Reproduce, word for word, all of the records; the pictures stay out.

**Input records**
# # # #
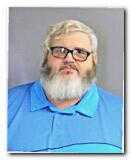 Offender Kenneth Ray Linkous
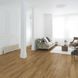 Напольная пробка клеевая Wicanders Wood Pro Mocca Oak 80000186 80000186 фото 3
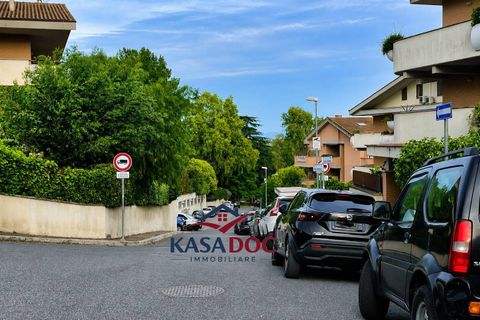 Lejlighed i Rome, Rome, Rome - € 489.000 | Ref: 1132 - foto 32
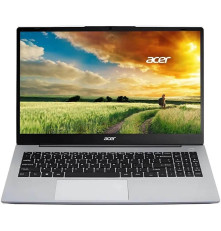 Ноутбук Acer Aspire 3 A325-42, AMD Ryzen 7 7730U/16Gb (1*16 D4)/SSD512Gb/UMA/15.6"/IPS/FHD/1920x1080/NoOS/серебристый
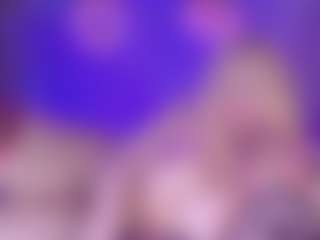 Live cam show with trixiedoll - Huge Tits on Camsoda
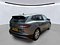 preview Skoda Enyaq #5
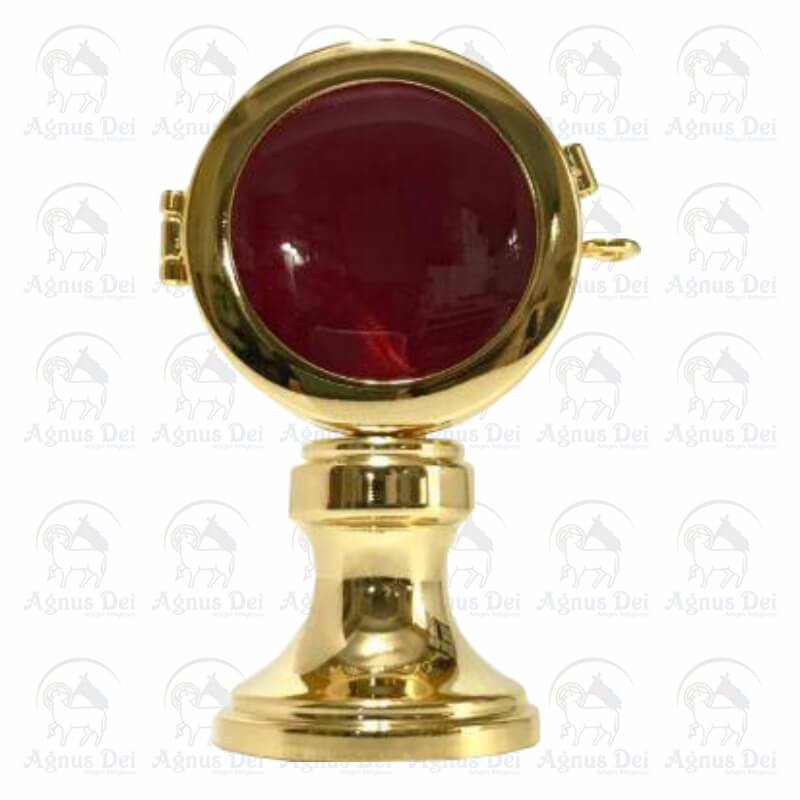 Relicário Importado CA 786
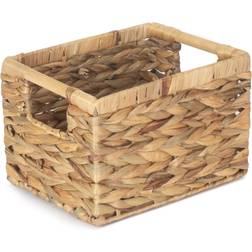 RED HAMPER Hamper Wh024/1 Water Nordic Water Basket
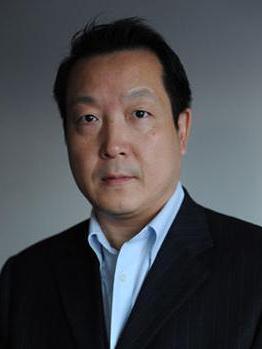 傅红星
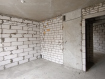 1-комнатная квартира, улица Родионовка, 4А. Фото 4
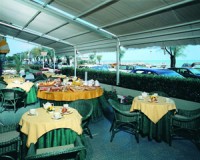 территория отеля - фотогалерея на RCC-TRAVEL.RU территория отеля - фотогалерея на RCC-TRAVEL.RU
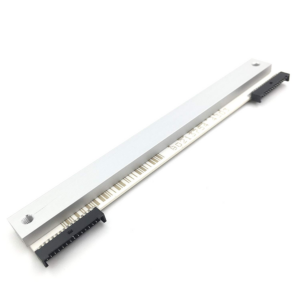 Zebra G105910-048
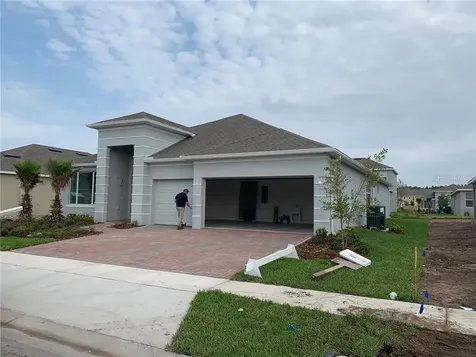 2959 Florida Bay Drive Orlando FL 32824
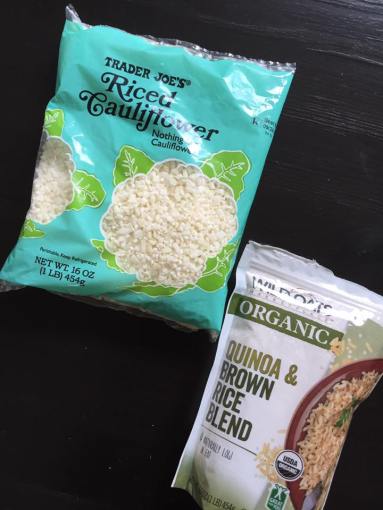 14333103_10208547313057713_627364329260928956_n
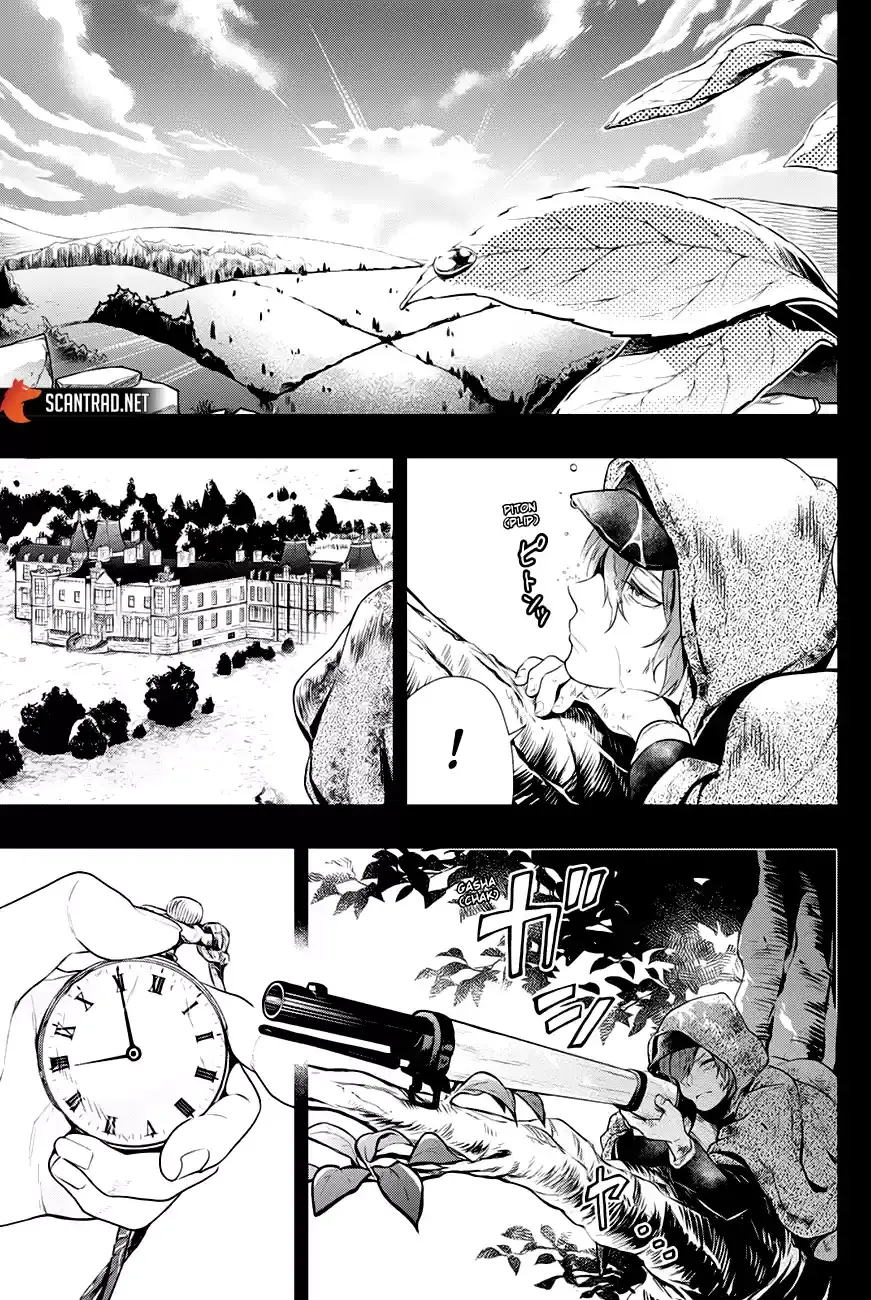Black Butler - 160 - 664fad0dbec1d.webp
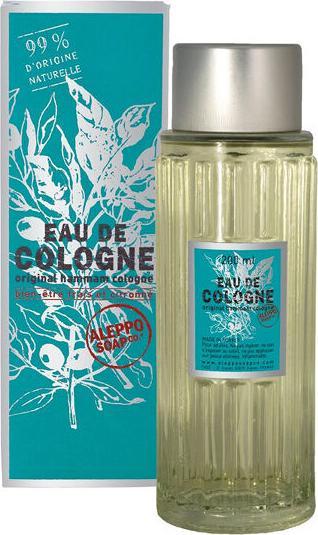 Produktbild Tadé Eau de Cologne (Eau de Cologne, 200 ml)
# # # #
**Solution to this task**
 Offender Kenneth Ray Linkous
 Напольная пробка клеевая Wicanders Wood Pro Mocca Oak 80000186 80000186 фото 3
 Lejlighed i Rome, Rome, Rome - € 489.000 | Ref: 1132 - foto 32
 Ноутбук Acer Aspire 3 A325-42, AMD Ryzen 7 7730U/16Gb (1*16 D4)/SSD512Gb/UMA/15.6"/IPS/FHD/1920x1080/NoOS/серебристый
 Live cam show with trixiedoll - Huge Tits on Camsoda
 preview Skoda Enyaq #5
 Relicário Importado CA 786
 RED HAMPER Hamper Wh024/1 Water Nordic Water Basket
 傅红星
 1-комнатная квартира, улица Родионовка, 4А. Фото 4
 территория отеля - фотогалерея на RCC-TRAVEL.RU территория отеля - фотогалерея на RCC-TRAVEL.RU
 Zebra G105910-048
 2959 Florida Bay Drive Orlando FL 32824
 14333103_10208547313057713_627364329260928956_n
Black Butler - 160 - 664fad0dbec1d.webp
 Produktbild Tadé Eau de Cologne (Eau de Cologne, 200 ml)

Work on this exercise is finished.